They say when you arrive in Mombasa, it feels like a harusi – a wedding. And when you leave, it feels like a funeral.
And nowhere is that more visible than at the airport or train station where goodbyes linger a little too long, and no one is quite ready to go. I am feeling this way as I leave Mombasa today.
We arrived in Mombasa a few days ago. And almost instantly, my heart recognized something before my mind could catch up. Joy. Warmth. Home. I couldn’t wipe the smile off my face.
The heat wrapped itself around me like an old friend. The sunset – deep reds and glowing orange – looked almost unreal, like a painting someone forgot to take down from the sky.
Memories of KenSec, Tudor JK, the lighthouse, the hostel, the tiny winding roads of Mombasa Town, Bamburi Beach, Cosy Tea House, Madafu, Buya – – the images kept flooding back!
And suddenly, I was 13 again. School holidays. Trips to see my beloved maji and bapaji. Cousins filling every corner of the house. Tudor. Flat B.

Ten of us. Two bedrooms. Bunk beds. A living room that doubled as everything. One washroom. One bathroom.
And yet, it was one of the happiest places in the world from my childhood memory. We didn’t have much. But we had everything.
On each trip, my bapaji would pull out a steel bag from under his bed – filled with books. “Choose one,” he’d say. That’s where my love of reading began.
He also taught me how to play Solitaire, and very confidently cheated when the cards didn’t cooperate. I noticed but said nothing. And secretly loved him even more for it.
My maji – somewhat blind for most of her life – was our matriarch. She was our everything. Strong, brave and steady. Beloved to us all. We didn’t see her limitations. We saw her strength.

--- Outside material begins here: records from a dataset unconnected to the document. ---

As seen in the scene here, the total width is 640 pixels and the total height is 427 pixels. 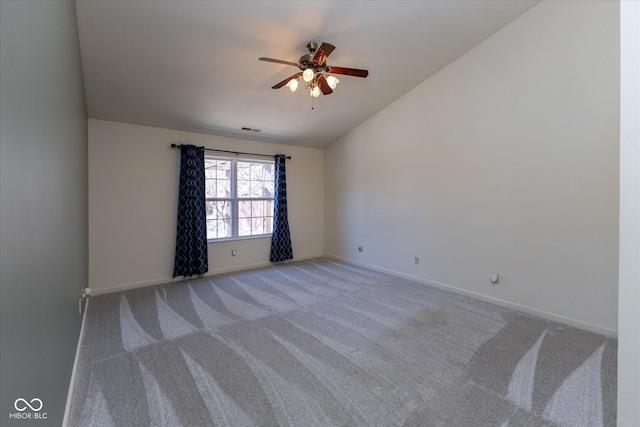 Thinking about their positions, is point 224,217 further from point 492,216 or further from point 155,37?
point 492,216

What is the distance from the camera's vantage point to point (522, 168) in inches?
119

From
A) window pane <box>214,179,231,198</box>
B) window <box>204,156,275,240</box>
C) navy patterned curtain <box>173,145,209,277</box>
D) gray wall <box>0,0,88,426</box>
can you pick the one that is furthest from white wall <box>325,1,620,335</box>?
gray wall <box>0,0,88,426</box>

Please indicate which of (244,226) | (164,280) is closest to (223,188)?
(244,226)

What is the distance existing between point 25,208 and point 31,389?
0.64m

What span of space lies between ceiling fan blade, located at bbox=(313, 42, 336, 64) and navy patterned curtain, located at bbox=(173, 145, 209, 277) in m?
2.63

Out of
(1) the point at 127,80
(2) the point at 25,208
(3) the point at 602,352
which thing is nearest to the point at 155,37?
(1) the point at 127,80

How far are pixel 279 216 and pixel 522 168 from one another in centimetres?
385

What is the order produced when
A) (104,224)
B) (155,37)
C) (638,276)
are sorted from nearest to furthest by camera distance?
(638,276)
(155,37)
(104,224)

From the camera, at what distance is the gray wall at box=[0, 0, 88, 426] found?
0.72 metres

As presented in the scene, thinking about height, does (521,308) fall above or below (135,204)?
below

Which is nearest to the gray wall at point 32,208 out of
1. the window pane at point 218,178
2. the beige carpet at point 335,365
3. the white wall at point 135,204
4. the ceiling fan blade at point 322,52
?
the beige carpet at point 335,365

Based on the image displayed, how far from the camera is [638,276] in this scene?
703 mm

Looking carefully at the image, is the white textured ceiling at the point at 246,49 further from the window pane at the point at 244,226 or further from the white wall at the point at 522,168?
the window pane at the point at 244,226

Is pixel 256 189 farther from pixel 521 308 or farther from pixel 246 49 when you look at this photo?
pixel 521 308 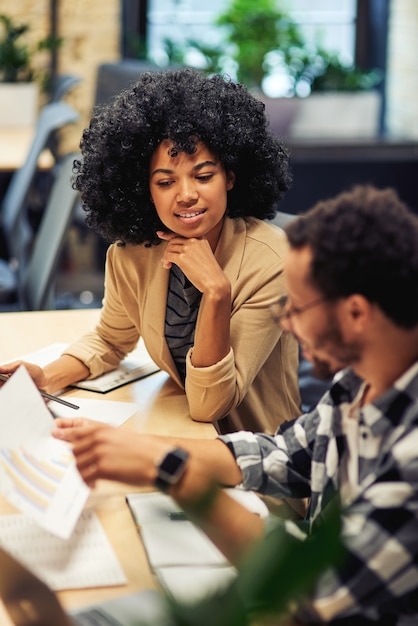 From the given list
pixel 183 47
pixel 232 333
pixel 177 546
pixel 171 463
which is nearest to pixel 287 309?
pixel 171 463

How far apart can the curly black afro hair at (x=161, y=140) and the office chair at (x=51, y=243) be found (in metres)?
0.73

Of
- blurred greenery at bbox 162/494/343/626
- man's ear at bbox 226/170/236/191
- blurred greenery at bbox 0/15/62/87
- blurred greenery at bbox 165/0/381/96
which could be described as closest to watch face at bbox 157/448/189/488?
blurred greenery at bbox 162/494/343/626

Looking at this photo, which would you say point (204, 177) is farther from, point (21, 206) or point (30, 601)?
point (21, 206)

She fed us – ghos jo saak, malai, maji toast, daar-khao with steak. She took care of us. She poured us each a glass of milk before we went to sleep. And her food is still talked about, still remembered, still missed. A big memory for me is how there was always enough food on the table for home – as well as friends who would show up unannounced – at dinner time. It’s like the food magically expanded to the number of people at the table.

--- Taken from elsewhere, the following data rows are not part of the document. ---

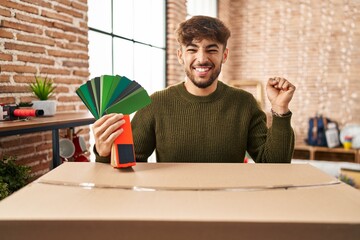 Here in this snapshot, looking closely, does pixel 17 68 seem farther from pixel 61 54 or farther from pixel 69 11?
pixel 69 11

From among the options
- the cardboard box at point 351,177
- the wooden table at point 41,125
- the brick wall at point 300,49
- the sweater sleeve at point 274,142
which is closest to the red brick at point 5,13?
the wooden table at point 41,125

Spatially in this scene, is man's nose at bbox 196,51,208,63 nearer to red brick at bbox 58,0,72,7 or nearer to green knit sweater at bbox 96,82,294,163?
green knit sweater at bbox 96,82,294,163

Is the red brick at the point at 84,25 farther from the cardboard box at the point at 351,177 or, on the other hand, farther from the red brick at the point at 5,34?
the cardboard box at the point at 351,177

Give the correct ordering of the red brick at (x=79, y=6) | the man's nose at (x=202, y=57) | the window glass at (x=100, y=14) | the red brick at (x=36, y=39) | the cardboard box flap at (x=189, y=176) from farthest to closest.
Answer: the window glass at (x=100, y=14)
the red brick at (x=79, y=6)
the red brick at (x=36, y=39)
the man's nose at (x=202, y=57)
the cardboard box flap at (x=189, y=176)

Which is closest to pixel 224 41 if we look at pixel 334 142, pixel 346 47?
pixel 334 142

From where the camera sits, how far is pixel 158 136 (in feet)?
4.71

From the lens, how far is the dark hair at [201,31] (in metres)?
1.31

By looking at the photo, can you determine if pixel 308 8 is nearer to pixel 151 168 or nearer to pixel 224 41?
pixel 224 41

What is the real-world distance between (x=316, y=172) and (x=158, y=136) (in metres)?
0.74

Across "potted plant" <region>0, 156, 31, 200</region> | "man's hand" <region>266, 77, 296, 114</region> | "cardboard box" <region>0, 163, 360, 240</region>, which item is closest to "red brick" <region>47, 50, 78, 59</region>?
"potted plant" <region>0, 156, 31, 200</region>

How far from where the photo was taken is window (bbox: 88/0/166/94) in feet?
11.0

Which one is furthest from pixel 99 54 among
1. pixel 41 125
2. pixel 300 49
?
pixel 300 49

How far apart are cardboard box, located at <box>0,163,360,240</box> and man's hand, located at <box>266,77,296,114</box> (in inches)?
16.4

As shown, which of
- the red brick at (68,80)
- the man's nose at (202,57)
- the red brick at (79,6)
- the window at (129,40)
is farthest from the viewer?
the window at (129,40) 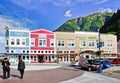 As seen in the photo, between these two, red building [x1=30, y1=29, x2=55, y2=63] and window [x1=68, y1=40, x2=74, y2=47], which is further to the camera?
window [x1=68, y1=40, x2=74, y2=47]

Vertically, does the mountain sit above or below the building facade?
above

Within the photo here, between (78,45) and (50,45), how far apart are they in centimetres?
972

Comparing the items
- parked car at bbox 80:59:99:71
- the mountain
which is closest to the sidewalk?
parked car at bbox 80:59:99:71

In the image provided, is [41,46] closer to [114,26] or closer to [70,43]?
[70,43]

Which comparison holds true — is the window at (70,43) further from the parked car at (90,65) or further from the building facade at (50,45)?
the parked car at (90,65)

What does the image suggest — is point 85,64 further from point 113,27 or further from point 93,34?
point 113,27

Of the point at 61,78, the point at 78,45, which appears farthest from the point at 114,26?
the point at 61,78

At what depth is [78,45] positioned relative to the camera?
266 ft

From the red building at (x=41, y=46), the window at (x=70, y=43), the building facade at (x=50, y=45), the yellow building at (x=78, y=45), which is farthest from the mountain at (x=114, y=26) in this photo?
the red building at (x=41, y=46)

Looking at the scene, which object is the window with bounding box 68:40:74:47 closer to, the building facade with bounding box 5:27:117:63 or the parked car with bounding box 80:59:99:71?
the building facade with bounding box 5:27:117:63

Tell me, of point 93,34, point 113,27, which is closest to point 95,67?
point 93,34

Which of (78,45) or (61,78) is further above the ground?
(78,45)

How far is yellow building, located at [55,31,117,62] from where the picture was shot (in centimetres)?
7812

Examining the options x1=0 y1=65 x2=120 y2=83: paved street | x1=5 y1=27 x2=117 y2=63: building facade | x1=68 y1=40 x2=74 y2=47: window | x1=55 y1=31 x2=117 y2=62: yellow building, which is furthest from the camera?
x1=68 y1=40 x2=74 y2=47: window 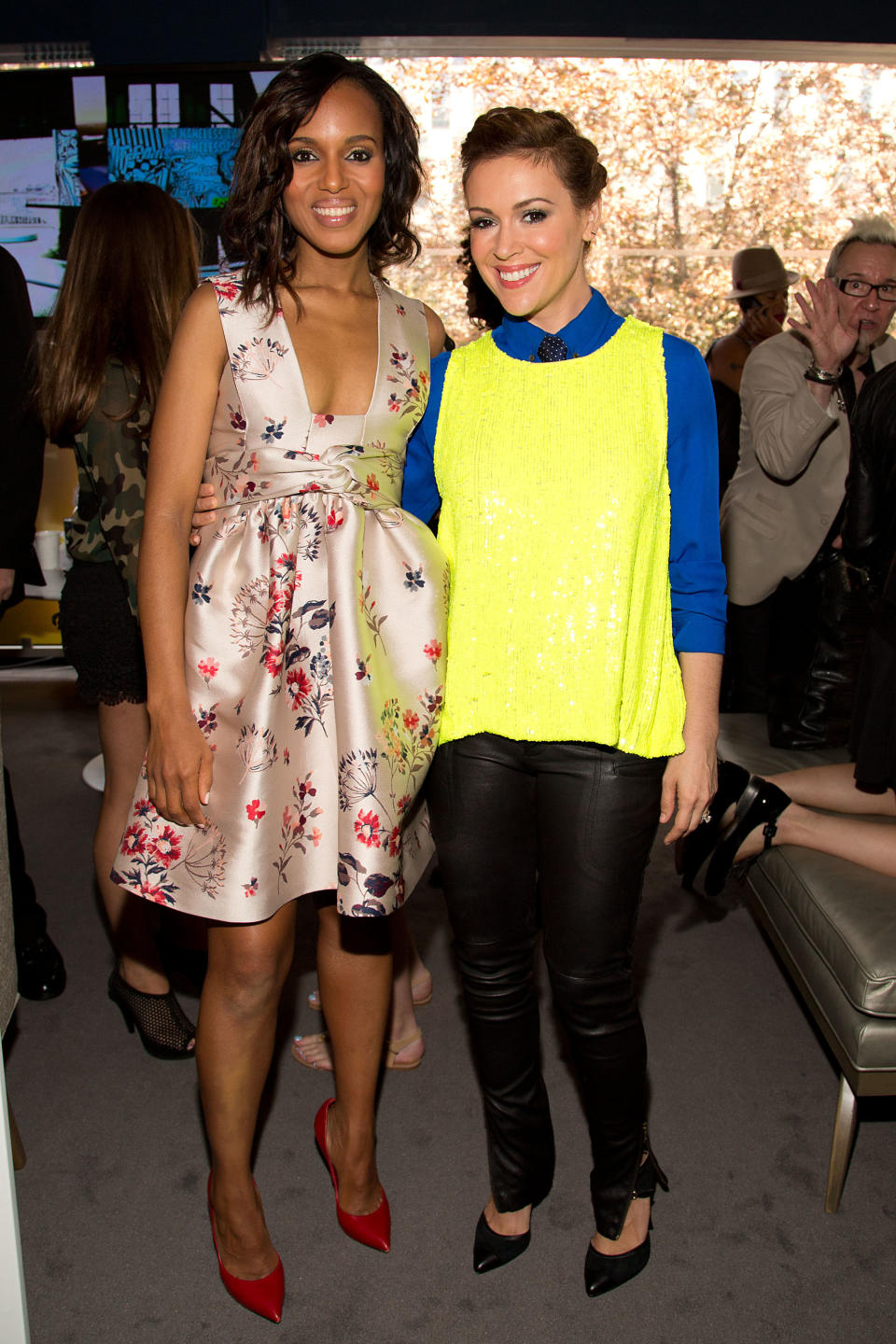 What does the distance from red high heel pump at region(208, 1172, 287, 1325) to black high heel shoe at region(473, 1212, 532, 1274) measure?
31 centimetres

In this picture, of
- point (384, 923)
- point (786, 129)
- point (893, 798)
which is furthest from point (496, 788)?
point (786, 129)

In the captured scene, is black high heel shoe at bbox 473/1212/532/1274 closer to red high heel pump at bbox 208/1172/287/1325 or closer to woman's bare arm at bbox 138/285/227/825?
red high heel pump at bbox 208/1172/287/1325

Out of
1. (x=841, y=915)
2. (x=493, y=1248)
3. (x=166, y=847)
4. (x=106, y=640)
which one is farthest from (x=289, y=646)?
(x=841, y=915)

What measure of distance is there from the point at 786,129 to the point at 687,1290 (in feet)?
18.0

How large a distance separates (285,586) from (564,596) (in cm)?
37

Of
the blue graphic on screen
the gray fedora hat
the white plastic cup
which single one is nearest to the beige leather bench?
the gray fedora hat

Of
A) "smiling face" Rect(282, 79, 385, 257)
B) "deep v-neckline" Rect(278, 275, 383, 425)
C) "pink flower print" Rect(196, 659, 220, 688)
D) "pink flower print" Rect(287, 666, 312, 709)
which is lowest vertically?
"pink flower print" Rect(287, 666, 312, 709)

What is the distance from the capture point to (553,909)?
4.97 feet

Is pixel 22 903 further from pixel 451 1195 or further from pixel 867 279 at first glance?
pixel 867 279

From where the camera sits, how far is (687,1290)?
1.67 meters

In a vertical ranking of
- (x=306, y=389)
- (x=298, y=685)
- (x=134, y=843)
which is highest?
(x=306, y=389)

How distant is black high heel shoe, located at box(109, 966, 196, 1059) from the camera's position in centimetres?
225

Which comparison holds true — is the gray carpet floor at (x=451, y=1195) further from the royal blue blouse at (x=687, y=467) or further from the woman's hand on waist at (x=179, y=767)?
the royal blue blouse at (x=687, y=467)

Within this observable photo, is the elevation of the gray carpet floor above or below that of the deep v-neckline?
below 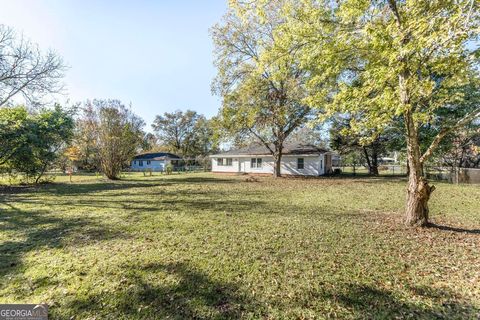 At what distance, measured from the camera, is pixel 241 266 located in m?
3.99

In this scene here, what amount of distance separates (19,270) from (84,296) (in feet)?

I also have strong recollection of my maji walking to Tudor JK every morning at 3:30 am and at 6:45 pm. I have no doubt that her faith is what gave her strength. Today,
we are all the beneficiaries of her deep and abiding faith.
Mombasa didn’t just hold memories. It shaped me. And somehow, it still does.

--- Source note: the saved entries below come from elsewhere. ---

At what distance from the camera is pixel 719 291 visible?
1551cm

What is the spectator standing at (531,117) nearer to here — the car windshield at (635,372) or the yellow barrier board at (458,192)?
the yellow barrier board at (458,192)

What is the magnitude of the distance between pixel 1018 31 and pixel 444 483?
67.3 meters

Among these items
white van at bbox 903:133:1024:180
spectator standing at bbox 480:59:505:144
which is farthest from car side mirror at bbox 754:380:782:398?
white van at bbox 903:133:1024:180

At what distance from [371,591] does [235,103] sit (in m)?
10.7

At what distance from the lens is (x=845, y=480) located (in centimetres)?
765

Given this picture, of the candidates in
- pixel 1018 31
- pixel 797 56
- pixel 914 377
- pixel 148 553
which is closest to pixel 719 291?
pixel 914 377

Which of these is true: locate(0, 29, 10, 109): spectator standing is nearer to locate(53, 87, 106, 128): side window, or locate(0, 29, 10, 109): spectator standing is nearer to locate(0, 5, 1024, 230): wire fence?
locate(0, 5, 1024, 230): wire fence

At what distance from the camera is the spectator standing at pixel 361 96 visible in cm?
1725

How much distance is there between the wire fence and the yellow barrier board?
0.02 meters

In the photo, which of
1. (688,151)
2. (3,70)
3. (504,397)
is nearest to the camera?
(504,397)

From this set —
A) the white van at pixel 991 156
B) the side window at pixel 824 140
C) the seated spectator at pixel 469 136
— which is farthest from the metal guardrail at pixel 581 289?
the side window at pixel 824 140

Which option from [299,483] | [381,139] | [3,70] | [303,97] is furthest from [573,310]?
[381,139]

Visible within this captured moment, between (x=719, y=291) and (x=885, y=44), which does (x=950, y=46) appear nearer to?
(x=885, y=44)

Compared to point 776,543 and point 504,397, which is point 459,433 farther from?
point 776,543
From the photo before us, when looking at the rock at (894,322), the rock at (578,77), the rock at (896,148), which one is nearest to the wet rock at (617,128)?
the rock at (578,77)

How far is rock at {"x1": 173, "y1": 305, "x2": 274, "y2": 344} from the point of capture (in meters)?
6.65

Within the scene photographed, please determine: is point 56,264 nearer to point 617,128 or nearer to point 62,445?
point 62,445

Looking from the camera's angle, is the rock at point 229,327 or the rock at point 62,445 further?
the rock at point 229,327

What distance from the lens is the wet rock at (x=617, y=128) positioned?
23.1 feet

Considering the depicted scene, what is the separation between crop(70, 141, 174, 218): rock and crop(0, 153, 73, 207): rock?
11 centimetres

Two years ago, I lost my mother. She loved me in a way that only a mother can love – completely, unconditionally, without pause.
And then something unexpected happened. In Mombasa, I found that feeling again. In my family – my mom’s sisters, my cousins. A quiet, steady love. Care that asks for nothing in return.
I spend so much of my life taking care of others. But here, I am – the one being taken care of fully. fiercely and completely. And for the first time in a long time, I am not the one holding everything together. I am the one being held.